**Requirement**
All entries below are to be set down again, identical to the source.

◆ ◆ ◆

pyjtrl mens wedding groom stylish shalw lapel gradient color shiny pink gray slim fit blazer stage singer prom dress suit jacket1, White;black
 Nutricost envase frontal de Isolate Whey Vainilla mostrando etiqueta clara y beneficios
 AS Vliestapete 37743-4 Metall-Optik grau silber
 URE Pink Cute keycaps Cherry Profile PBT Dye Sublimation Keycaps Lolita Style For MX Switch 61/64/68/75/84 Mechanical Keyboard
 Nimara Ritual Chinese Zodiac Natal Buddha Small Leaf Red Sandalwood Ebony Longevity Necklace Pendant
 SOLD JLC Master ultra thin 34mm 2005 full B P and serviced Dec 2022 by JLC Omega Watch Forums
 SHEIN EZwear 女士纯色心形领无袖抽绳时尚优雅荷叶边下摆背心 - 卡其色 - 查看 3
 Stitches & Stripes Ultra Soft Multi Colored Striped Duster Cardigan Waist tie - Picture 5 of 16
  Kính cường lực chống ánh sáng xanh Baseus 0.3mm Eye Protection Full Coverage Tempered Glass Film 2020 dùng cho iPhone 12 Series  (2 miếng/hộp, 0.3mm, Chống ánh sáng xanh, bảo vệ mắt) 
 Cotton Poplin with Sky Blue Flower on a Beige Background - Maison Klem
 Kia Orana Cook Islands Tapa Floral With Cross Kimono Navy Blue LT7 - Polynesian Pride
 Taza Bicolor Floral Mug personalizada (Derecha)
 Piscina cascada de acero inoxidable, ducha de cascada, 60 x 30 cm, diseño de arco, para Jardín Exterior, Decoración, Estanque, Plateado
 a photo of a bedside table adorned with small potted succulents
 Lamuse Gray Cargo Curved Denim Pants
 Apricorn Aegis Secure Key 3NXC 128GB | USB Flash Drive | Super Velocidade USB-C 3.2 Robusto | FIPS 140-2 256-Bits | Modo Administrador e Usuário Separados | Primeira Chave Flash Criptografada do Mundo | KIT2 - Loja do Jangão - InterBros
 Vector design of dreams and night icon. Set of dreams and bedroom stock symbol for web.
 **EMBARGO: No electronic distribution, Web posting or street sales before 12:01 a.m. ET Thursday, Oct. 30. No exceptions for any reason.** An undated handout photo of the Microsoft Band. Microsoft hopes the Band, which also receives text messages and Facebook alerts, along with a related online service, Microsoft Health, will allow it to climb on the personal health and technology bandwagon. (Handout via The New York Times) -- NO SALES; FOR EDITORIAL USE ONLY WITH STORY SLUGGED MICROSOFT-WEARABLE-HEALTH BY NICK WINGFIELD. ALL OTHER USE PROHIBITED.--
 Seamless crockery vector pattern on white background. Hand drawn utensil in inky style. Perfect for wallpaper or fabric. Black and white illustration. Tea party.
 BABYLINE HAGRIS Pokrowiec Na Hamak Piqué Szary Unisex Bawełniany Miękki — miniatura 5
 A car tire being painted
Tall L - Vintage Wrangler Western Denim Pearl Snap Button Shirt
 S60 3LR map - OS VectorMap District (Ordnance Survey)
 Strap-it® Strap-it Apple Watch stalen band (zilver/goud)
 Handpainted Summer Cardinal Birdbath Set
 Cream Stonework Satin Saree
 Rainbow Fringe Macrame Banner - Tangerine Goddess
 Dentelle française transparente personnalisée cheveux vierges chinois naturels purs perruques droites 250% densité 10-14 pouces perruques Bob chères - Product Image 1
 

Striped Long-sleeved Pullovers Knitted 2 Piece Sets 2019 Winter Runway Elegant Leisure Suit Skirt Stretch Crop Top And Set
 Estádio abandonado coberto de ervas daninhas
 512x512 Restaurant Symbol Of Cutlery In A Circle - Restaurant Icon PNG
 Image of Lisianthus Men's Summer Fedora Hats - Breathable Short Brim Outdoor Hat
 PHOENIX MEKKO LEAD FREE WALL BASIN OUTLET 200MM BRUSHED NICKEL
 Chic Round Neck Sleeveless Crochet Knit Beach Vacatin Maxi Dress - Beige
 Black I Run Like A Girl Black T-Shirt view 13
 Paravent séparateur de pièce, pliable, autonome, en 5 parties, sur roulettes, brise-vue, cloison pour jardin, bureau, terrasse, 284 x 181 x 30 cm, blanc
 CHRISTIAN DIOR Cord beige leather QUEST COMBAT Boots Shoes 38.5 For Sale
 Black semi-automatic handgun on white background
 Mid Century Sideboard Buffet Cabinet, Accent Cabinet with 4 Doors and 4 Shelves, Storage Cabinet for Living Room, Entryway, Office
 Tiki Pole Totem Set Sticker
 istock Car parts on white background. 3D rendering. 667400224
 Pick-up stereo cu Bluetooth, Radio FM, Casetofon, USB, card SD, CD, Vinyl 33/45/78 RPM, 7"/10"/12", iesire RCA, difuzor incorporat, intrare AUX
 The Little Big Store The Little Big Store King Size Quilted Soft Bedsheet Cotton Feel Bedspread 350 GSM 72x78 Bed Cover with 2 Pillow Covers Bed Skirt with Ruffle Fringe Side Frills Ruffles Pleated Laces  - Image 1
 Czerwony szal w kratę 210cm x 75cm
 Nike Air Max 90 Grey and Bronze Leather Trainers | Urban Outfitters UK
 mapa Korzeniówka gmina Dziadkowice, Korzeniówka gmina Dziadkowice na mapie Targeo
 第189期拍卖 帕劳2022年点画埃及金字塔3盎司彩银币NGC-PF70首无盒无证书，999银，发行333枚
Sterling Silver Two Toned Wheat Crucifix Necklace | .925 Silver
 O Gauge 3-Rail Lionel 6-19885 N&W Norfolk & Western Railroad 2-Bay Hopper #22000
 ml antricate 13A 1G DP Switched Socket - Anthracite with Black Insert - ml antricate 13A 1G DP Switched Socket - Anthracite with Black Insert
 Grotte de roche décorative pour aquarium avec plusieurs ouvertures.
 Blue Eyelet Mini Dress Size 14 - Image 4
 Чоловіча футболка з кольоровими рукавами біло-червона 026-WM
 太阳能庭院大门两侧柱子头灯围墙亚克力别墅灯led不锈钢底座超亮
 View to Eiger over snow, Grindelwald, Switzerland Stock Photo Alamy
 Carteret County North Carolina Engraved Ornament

◆ ◆ ◆

**Task answer**
pyjtrl mens wedding groom stylish shalw lapel gradient color shiny pink gray slim fit blazer stage singer prom dress suit jacket1, White;black
 Nutricost envase frontal de Isolate Whey Vainilla mostrando etiqueta clara y beneficios
 AS Vliestapete 37743-4 Metall-Optik grau silber
 URE Pink Cute keycaps Cherry Profile PBT Dye Sublimation Keycaps Lolita Style For MX Switch 61/64/68/75/84 Mechanical Keyboard
 Nimara Ritual Chinese Zodiac Natal Buddha Small Leaf Red Sandalwood Ebony Longevity Necklace Pendant
 SOLD JLC Master ultra thin 34mm 2005 full B P and serviced Dec 2022 by JLC Omega Watch Forums
 SHEIN EZwear 女士纯色心形领无袖抽绳时尚优雅荷叶边下摆背心 - 卡其色 - 查看 3
 Stitches & Stripes Ultra Soft Multi Colored Striped Duster Cardigan Waist tie - Picture 5 of 16
  Kính cường lực chống ánh sáng xanh Baseus 0.3mm Eye Protection Full Coverage Tempered Glass Film 2020 dùng cho iPhone 12 Series  (2 miếng/hộp, 0.3mm, Chống ánh sáng xanh, bảo vệ mắt) 
 Cotton Poplin with Sky Blue Flower on a Beige Background - Maison Klem
 Kia Orana Cook Islands Tapa Floral With Cross Kimono Navy Blue LT7 - Polynesian Pride
 Taza Bicolor Floral Mug personalizada (Derecha)
 Piscina cascada de acero inoxidable, ducha de cascada, 60 x 30 cm, diseño de arco, para Jardín Exterior, Decoración, Estanque, Plateado
 a photo of a bedside table adorned with small potted succulents
 Lamuse Gray Cargo Curved Denim Pants
 Apricorn Aegis Secure Key 3NXC 128GB | USB Flash Drive | Super Velocidade USB-C 3.2 Robusto | FIPS 140-2 256-Bits | Modo Administrador e Usuário Separados | Primeira Chave Flash Criptografada do Mundo | KIT2 - Loja do Jangão - InterBros
 Vector design of dreams and night icon. Set of dreams and bedroom stock symbol for web.
 **EMBARGO: No electronic distribution, Web posting or street sales before 12:01 a.m. ET Thursday, Oct. 30. No exceptions for any reason.** An undated handout photo of the Microsoft Band. Microsoft hopes the Band, which also receives text messages and Facebook alerts, along with a related online service, Microsoft Health, will allow it to climb on the personal health and technology bandwagon. (Handout via The New York Times) -- NO SALES; FOR EDITORIAL USE ONLY WITH STORY SLUGGED MICROSOFT-WEARABLE-HEALTH BY NICK WINGFIELD. ALL OTHER USE PROHIBITED.--
 Seamless crockery vector pattern on white background. Hand drawn utensil in inky style. Perfect for wallpaper or fabric. Black and white illustration. Tea party.
 BABYLINE HAGRIS Pokrowiec Na Hamak Piqué Szary Unisex Bawełniany Miękki — miniatura 5
 A car tire being painted
Tall L - Vintage Wrangler Western Denim Pearl Snap Button Shirt
 S60 3LR map - OS VectorMap District (Ordnance Survey)
 Strap-it® Strap-it Apple Watch stalen band (zilver/goud)
 Handpainted Summer Cardinal Birdbath Set
 Cream Stonework Satin Saree
 Rainbow Fringe Macrame Banner - Tangerine Goddess
 Dentelle française transparente personnalisée cheveux vierges chinois naturels purs perruques droites 250% densité 10-14 pouces perruques Bob chères - Product Image 1
 

Striped Long-sleeved Pullovers Knitted 2 Piece Sets 2019 Winter Runway Elegant Leisure Suit Skirt Stretch Crop Top And Set
 Estádio abandonado coberto de ervas daninhas
 512x512 Restaurant Symbol Of Cutlery In A Circle - Restaurant Icon PNG
 Image of Lisianthus Men's Summer Fedora Hats - Breathable Short Brim Outdoor Hat
 PHOENIX MEKKO LEAD FREE WALL BASIN OUTLET 200MM BRUSHED NICKEL
 Chic Round Neck Sleeveless Crochet Knit Beach Vacatin Maxi Dress - Beige
 Black I Run Like A Girl Black T-Shirt view 13
 Paravent séparateur de pièce, pliable, autonome, en 5 parties, sur roulettes, brise-vue, cloison pour jardin, bureau, terrasse, 284 x 181 x 30 cm, blanc
 CHRISTIAN DIOR Cord beige leather QUEST COMBAT Boots Shoes 38.5 For Sale
 Black semi-automatic handgun on white background
 Mid Century Sideboard Buffet Cabinet, Accent Cabinet with 4 Doors and 4 Shelves, Storage Cabinet for Living Room, Entryway, Office
 Tiki Pole Totem Set Sticker
 istock Car parts on white background. 3D rendering. 667400224
 Pick-up stereo cu Bluetooth, Radio FM, Casetofon, USB, card SD, CD, Vinyl 33/45/78 RPM, 7"/10"/12", iesire RCA, difuzor incorporat, intrare AUX
 The Little Big Store The Little Big Store King Size Quilted Soft Bedsheet Cotton Feel Bedspread 350 GSM 72x78 Bed Cover with 2 Pillow Covers Bed Skirt with Ruffle Fringe Side Frills Ruffles Pleated Laces  - Image 1
 Czerwony szal w kratę 210cm x 75cm
 Nike Air Max 90 Grey and Bronze Leather Trainers | Urban Outfitters UK
 mapa Korzeniówka gmina Dziadkowice, Korzeniówka gmina Dziadkowice na mapie Targeo
 第189期拍卖 帕劳2022年点画埃及金字塔3盎司彩银币NGC-PF70首无盒无证书，999银，发行333枚
Sterling Silver Two Toned Wheat Crucifix Necklace | .925 Silver
 O Gauge 3-Rail Lionel 6-19885 N&W Norfolk & Western Railroad 2-Bay Hopper #22000
 ml antricate 13A 1G DP Switched Socket - Anthracite with Black Insert - ml antricate 13A 1G DP Switched Socket - Anthracite with Black Insert
 Grotte de roche décorative pour aquarium avec plusieurs ouvertures.
 Blue Eyelet Mini Dress Size 14 - Image 4
 Чоловіча футболка з кольоровими рукавами біло-червона 026-WM
 太阳能庭院大门两侧柱子头灯围墙亚克力别墅灯led不锈钢底座超亮
 View to Eiger over snow, Grindelwald, Switzerland Stock Photo Alamy
 Carteret County North Carolina Engraved Ornament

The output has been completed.